(Crawled caption data)

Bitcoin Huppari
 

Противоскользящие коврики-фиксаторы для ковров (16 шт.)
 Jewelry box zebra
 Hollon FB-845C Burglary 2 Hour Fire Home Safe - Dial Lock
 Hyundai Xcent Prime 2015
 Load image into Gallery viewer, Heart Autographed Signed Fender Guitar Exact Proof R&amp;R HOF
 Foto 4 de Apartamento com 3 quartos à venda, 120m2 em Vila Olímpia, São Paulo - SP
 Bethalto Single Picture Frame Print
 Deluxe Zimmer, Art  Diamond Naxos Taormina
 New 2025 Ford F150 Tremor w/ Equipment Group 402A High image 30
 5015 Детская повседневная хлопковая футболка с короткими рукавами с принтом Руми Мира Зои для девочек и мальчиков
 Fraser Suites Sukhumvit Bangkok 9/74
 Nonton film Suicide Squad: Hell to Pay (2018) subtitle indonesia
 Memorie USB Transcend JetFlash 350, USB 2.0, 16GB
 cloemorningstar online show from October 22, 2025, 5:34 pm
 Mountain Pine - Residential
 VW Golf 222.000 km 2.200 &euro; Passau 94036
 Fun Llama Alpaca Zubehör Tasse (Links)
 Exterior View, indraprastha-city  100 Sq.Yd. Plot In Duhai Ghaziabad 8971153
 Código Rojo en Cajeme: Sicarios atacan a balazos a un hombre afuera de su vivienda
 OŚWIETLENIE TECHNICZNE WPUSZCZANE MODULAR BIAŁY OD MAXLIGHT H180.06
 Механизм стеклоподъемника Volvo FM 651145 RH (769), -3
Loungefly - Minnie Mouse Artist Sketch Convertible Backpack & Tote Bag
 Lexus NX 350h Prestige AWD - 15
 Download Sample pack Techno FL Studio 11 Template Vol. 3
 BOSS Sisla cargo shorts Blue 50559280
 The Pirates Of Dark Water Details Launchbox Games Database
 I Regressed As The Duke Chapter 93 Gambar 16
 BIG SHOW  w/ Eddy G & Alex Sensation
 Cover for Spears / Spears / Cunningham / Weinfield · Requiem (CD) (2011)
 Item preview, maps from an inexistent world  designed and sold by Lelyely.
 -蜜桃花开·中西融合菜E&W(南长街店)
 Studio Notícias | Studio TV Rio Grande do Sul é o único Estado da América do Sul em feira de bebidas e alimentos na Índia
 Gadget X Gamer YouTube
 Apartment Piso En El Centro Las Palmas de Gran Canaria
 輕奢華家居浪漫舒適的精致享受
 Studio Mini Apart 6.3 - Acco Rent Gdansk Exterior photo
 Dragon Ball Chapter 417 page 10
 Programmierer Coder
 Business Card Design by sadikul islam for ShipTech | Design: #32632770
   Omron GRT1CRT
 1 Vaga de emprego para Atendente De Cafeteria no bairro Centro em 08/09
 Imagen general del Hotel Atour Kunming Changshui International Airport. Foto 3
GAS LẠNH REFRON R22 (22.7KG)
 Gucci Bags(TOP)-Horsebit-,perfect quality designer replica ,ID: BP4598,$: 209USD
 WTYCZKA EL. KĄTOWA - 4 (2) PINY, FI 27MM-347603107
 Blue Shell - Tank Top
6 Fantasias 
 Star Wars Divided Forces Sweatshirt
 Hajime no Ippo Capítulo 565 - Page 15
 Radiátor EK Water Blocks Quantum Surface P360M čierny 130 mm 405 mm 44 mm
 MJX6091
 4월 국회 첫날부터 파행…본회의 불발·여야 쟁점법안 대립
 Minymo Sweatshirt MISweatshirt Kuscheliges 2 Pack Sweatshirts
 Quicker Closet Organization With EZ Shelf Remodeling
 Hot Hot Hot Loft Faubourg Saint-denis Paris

* What is required: Take the entries above and return only the lines from the one with "Fraser Suites Sukhumvit Bangkok 9/74" to the one with "Mountain Pine - Residential", both included, unchanged.

* Answer to this problem:
 Fraser Suites Sukhumvit Bangkok 9/74
 Nonton film Suicide Squad: Hell to Pay (2018) subtitle indonesia
 Memorie USB Transcend JetFlash 350, USB 2.0, 16GB
 cloemorningstar online show from October 22, 2025, 5:34 pm
 Mountain Pine - Residential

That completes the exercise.